# A weighty matter

**R on OSM**, and kindly contributed to R-bloggers]. (You can report issue about the content on this page here)

Want to share your content on R-bloggers? click here if you have a blog, or here if you don't.

When we were testing random correlations and weighthings in our last post on diversification, we discovered that randomizing correlations often increased portfolio risk. Then, when we randomized stock weightings on top of our random correlations, we began to see more cases in which one would have better off not being diversified. In other words, the percentage of portfolios whose risk exceeded the least risky stock began to rise. By chance, the least risky stock (in terms of the lowest volatility), also happened to enjoy the highest risk-adjusted return, so our random selection of stock returns might be a bit anomalous. Nevertheless, in about 27% of the cases, one would have been better off investing in the least risky stock than being diversified.

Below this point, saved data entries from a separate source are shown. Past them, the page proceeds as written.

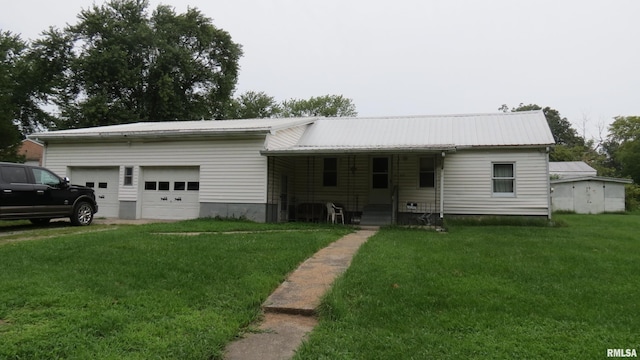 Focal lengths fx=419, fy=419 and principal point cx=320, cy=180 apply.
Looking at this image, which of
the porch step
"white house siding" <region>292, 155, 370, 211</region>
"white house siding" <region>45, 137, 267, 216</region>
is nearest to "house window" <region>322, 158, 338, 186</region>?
"white house siding" <region>292, 155, 370, 211</region>

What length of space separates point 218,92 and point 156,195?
22316 mm

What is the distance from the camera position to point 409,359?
352 cm

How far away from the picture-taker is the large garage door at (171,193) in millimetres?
15305

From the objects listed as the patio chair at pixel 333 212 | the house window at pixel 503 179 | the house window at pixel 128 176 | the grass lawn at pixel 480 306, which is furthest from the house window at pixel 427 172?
the house window at pixel 128 176

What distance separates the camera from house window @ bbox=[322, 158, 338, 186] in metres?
16.9

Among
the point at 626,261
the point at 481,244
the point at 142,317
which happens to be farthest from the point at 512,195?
the point at 142,317

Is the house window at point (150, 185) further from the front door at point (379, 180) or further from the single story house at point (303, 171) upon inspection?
the front door at point (379, 180)

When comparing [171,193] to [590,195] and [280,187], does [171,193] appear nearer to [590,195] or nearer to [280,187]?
[280,187]

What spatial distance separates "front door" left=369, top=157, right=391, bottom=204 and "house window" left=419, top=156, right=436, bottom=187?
4.15 feet

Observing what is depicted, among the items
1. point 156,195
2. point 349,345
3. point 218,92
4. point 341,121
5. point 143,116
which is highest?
point 218,92

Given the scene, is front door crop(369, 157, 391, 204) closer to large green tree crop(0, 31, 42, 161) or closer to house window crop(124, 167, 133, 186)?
house window crop(124, 167, 133, 186)

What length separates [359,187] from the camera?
Result: 16.5 m

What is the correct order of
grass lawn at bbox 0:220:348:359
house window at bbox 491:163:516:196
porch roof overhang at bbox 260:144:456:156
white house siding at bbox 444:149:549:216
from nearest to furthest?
grass lawn at bbox 0:220:348:359, porch roof overhang at bbox 260:144:456:156, white house siding at bbox 444:149:549:216, house window at bbox 491:163:516:196

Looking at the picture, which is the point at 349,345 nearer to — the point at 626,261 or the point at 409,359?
the point at 409,359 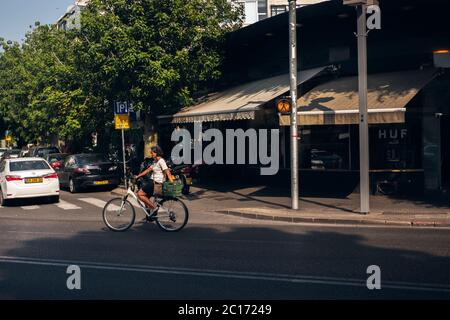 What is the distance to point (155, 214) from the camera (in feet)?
35.2

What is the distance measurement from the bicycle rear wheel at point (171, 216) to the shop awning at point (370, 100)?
15.4 feet

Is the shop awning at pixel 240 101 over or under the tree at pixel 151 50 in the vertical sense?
under

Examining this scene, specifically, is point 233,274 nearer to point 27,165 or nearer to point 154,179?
point 154,179

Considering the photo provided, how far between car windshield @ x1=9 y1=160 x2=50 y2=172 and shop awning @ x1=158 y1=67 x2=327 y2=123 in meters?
4.99

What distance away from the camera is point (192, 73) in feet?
64.3

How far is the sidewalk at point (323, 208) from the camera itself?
37.6 ft

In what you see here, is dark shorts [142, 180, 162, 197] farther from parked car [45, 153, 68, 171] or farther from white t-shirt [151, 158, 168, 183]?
parked car [45, 153, 68, 171]

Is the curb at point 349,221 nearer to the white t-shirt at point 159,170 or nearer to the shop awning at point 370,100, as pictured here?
the shop awning at point 370,100

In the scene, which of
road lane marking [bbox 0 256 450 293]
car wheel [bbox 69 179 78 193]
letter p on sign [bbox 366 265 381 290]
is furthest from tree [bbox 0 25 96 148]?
letter p on sign [bbox 366 265 381 290]

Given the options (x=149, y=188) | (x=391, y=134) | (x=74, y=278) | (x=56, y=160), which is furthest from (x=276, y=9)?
(x=74, y=278)

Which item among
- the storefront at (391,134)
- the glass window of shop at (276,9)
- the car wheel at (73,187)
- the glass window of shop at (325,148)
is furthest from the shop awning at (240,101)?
the glass window of shop at (276,9)

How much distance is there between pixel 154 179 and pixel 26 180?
6.92 m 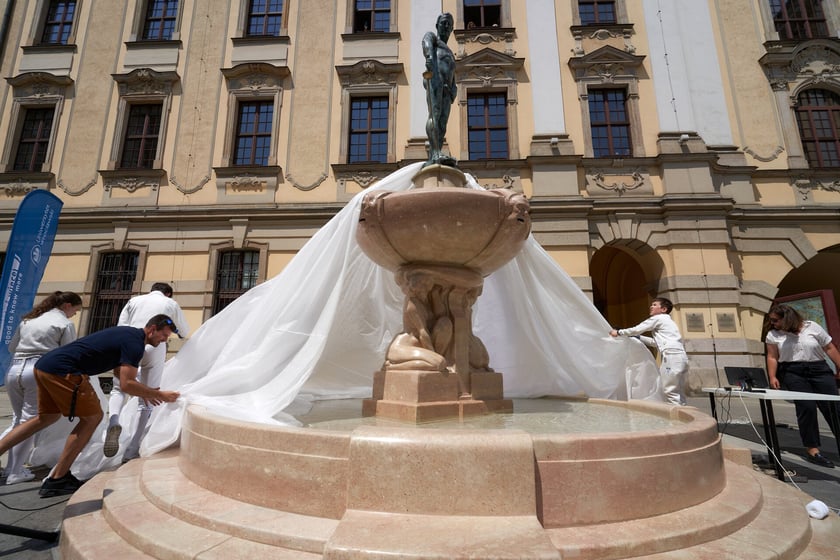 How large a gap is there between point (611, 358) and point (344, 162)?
936cm

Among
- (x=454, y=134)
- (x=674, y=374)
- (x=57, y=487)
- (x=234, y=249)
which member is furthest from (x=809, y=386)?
(x=234, y=249)

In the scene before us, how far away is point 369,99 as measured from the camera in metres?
12.6

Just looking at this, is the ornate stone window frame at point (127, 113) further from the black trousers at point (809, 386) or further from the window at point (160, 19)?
the black trousers at point (809, 386)

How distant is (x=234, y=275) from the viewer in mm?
11750

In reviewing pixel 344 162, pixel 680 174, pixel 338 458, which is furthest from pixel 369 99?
pixel 338 458

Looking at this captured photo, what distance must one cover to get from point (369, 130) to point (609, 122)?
652 centimetres

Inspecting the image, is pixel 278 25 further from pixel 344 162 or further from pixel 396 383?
pixel 396 383

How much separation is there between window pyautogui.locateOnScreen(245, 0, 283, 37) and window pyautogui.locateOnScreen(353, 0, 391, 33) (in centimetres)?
229

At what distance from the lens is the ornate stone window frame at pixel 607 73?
38.4ft

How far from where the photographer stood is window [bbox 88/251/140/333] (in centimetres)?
1172

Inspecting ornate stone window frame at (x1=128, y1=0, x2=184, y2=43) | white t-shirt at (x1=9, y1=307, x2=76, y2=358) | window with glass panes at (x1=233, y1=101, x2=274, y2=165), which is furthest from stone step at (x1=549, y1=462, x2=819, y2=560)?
ornate stone window frame at (x1=128, y1=0, x2=184, y2=43)

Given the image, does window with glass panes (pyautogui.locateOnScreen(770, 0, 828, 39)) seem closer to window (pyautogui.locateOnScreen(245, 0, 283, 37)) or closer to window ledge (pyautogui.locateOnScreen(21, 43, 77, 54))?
window (pyautogui.locateOnScreen(245, 0, 283, 37))

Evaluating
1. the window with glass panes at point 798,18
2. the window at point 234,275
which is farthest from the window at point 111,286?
the window with glass panes at point 798,18

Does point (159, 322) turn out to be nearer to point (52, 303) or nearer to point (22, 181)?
point (52, 303) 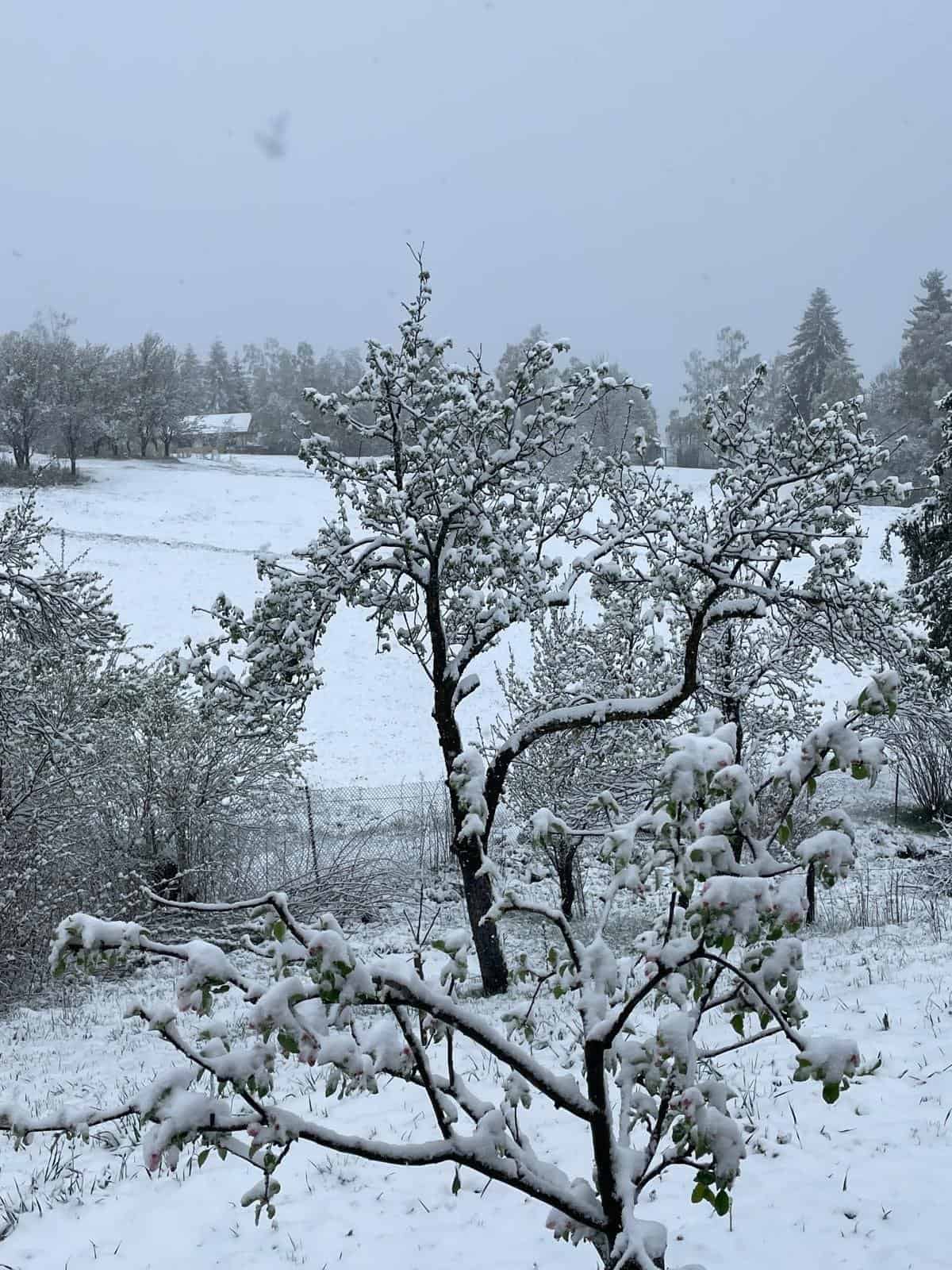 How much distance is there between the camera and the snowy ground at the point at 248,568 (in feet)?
79.7

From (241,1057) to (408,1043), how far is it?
50 centimetres

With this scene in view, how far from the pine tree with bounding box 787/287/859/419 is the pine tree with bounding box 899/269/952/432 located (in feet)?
11.8

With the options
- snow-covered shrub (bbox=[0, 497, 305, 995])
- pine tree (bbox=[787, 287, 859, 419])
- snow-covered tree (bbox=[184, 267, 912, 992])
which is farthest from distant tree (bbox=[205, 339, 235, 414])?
snow-covered tree (bbox=[184, 267, 912, 992])

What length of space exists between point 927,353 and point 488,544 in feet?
139

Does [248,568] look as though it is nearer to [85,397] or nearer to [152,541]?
[152,541]

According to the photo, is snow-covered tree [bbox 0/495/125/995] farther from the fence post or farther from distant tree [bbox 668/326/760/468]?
distant tree [bbox 668/326/760/468]

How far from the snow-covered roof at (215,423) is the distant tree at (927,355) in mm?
42873

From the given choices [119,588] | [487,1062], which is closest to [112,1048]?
[487,1062]

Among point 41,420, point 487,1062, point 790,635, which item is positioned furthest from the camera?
point 41,420

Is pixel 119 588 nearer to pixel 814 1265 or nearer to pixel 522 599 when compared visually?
pixel 522 599

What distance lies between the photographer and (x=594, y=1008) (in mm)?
2406

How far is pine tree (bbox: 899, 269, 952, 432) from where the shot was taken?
4147 cm

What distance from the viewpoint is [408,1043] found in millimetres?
2340

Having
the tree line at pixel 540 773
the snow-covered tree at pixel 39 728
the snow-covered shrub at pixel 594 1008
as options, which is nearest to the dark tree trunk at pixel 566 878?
the tree line at pixel 540 773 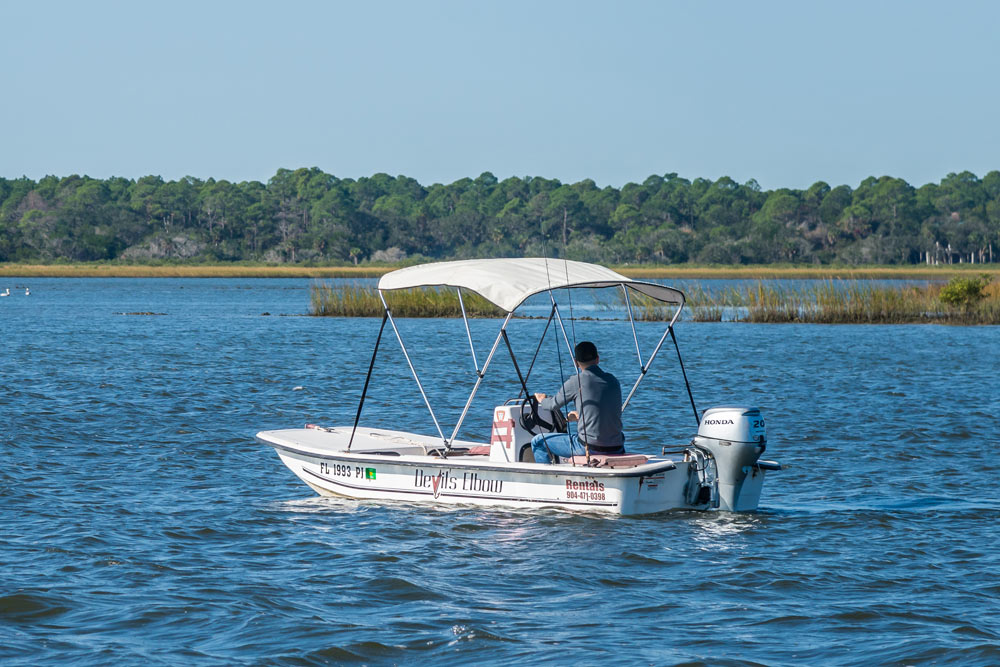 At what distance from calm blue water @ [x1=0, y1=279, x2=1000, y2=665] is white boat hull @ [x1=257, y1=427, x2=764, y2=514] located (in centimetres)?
18

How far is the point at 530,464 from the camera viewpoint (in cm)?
1147

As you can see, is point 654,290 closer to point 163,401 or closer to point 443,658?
point 443,658

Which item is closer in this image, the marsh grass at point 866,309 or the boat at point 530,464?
the boat at point 530,464

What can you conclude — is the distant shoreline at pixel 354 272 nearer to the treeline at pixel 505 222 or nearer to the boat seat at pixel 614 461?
the treeline at pixel 505 222

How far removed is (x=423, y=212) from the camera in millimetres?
161750

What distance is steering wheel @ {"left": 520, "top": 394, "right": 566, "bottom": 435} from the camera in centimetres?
1173

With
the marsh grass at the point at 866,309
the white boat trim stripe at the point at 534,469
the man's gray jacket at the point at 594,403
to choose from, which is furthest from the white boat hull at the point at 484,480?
the marsh grass at the point at 866,309

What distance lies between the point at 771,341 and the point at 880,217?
11246cm

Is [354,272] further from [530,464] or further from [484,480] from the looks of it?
[530,464]

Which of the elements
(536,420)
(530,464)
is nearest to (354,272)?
(536,420)

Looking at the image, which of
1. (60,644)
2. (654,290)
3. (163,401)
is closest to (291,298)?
(163,401)

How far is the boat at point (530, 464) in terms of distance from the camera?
11.3 metres

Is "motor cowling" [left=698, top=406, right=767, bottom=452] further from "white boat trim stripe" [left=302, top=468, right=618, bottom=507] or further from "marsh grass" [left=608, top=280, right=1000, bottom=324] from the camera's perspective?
"marsh grass" [left=608, top=280, right=1000, bottom=324]

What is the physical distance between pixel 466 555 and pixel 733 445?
269 centimetres
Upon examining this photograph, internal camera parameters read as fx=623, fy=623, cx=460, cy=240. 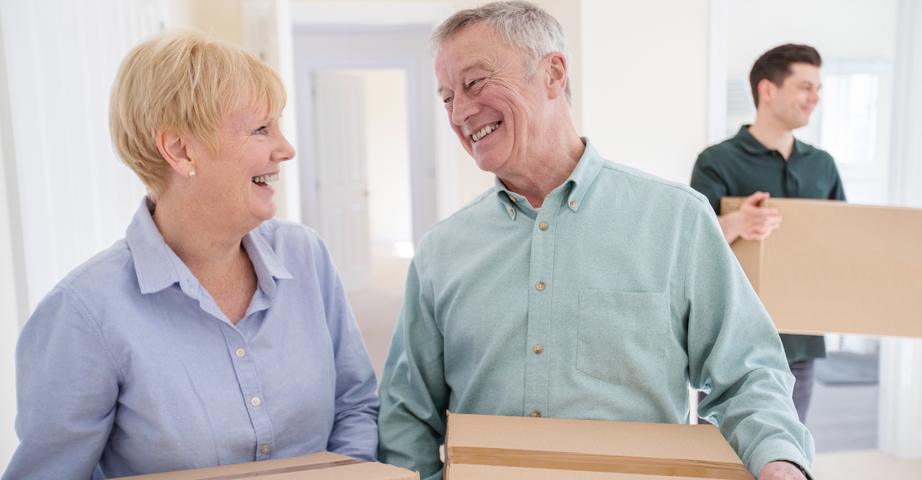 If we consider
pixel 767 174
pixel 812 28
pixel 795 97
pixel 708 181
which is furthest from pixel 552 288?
pixel 812 28

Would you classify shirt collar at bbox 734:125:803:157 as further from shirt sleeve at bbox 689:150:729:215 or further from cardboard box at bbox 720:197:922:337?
cardboard box at bbox 720:197:922:337

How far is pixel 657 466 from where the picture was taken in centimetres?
74

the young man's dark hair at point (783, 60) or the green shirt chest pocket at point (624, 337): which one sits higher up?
the young man's dark hair at point (783, 60)

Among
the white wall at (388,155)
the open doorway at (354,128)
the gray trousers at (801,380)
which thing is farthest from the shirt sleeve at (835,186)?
the white wall at (388,155)

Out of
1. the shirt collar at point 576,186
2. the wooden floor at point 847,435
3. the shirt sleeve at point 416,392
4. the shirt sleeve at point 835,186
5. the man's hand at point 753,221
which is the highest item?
the shirt collar at point 576,186

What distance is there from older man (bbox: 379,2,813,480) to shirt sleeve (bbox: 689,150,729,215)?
3.47 feet

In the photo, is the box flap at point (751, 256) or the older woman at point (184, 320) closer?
the older woman at point (184, 320)

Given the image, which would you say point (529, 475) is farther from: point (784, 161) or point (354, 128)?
point (354, 128)

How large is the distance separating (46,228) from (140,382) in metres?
0.95

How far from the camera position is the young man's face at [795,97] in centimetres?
211

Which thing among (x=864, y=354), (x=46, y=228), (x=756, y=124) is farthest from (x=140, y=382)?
(x=864, y=354)

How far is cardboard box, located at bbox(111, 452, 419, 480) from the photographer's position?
2.45 ft

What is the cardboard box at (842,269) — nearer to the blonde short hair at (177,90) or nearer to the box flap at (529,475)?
the box flap at (529,475)

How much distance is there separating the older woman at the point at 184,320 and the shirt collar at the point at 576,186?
393 millimetres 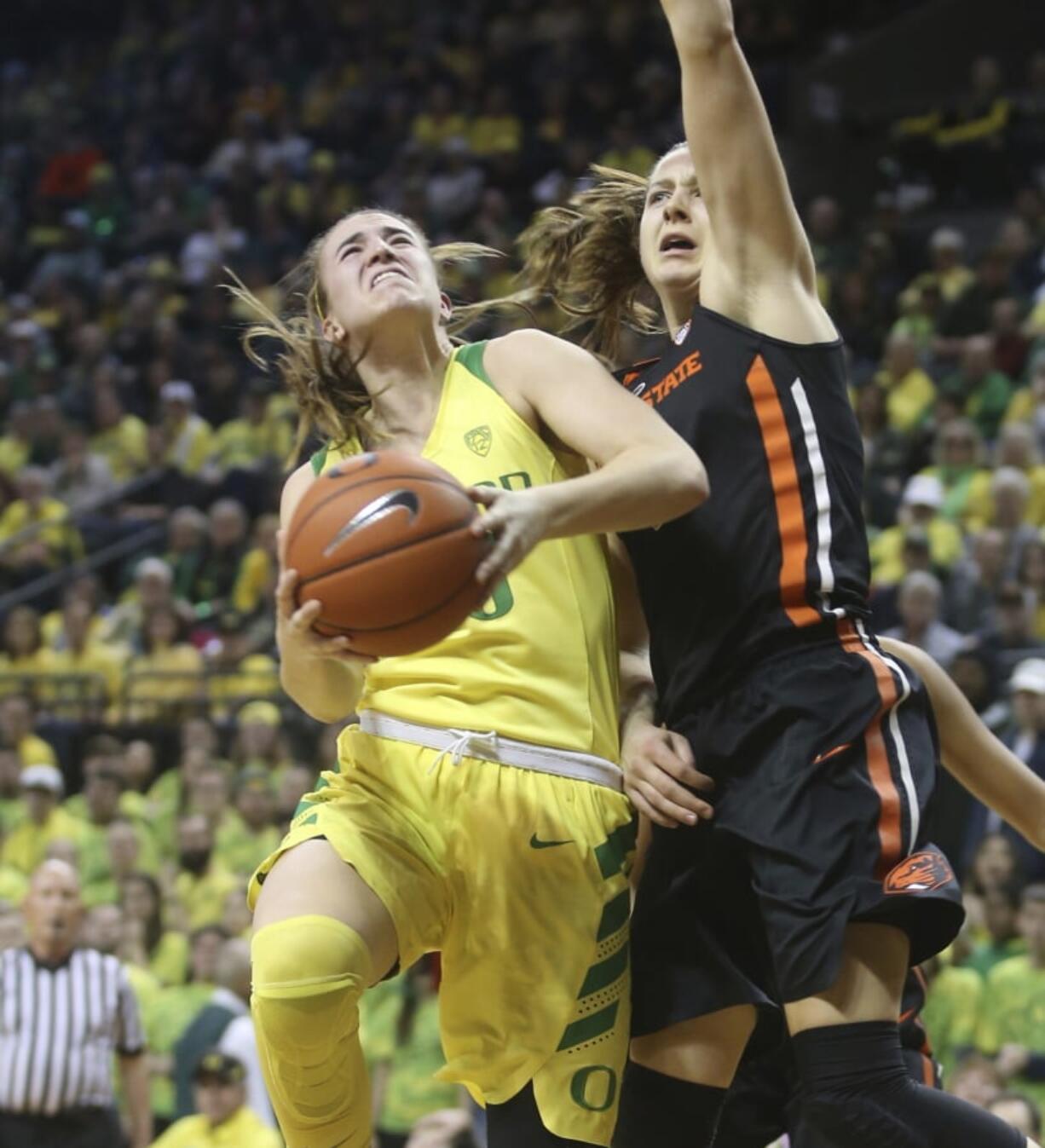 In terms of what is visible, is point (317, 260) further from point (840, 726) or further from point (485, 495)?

What we didn’t show in the last post was what the distribution of risk across portfolios given the random sample of correlations and weightings. We also didn’t show the distribution of risk-adjusted returns. First, let’s look at the distribution of risk across these random portfolios.

When we have random correlations and and random weightings, the range of portfolio volatility tends to increase. There are more occurrences when the portfolio’s risk exceeds the least risky stock. As noted above, about 27% of the portfolios exceed the risk of the least risky stock vs. only 13% when we only randomized correlations. Of course, only 9% of the portfolios exeed the 20% least risky stocks. So it’s not quite as bad as cherry-picking the least risky stock. But as one can see, from the red line, which represents the equal weighted portfolio volatility, about 68% of the random portfolios are riskier than the original portfolio.

Let’s move on to look at what this actually looks like in terms of risk-adjusted returns.

We see that the average risk-adjusted return for the random portfolios is about 73%. In other words, for every dollar you risk, you’re likely to get back almost three quarters. This compares with the original portfolio’s risk-adjusted return of 72%. That these risk-adjusted returns are so similar is most likely coincidental. Remember, we’re dealing with a toy example of only ten stocks.

What about the random portfolios vs. the individual stocks? The random portfolios beat the median stock risk-adjusted return about 98% of the time! But that doesn’t say all that much since the range of risk-adjusted returns is wide from -60% to 139%. Perhaps it’s better to look at the quartiles. In this case, the random portfolios exceed the top 25% of stock risk-adjusted returns about 42% of the time.

Let’s step back and think about what this means apart from all the statistical jargon. In this case, when you don’t know what the outlook for the individual stocks will be, how risky they’ll be, or how closely they’ll move together, you’ll generally do better than middling performance if you’re diversified, and you’ll do better than three-quarters of the stocks almost half of the time. Not bad.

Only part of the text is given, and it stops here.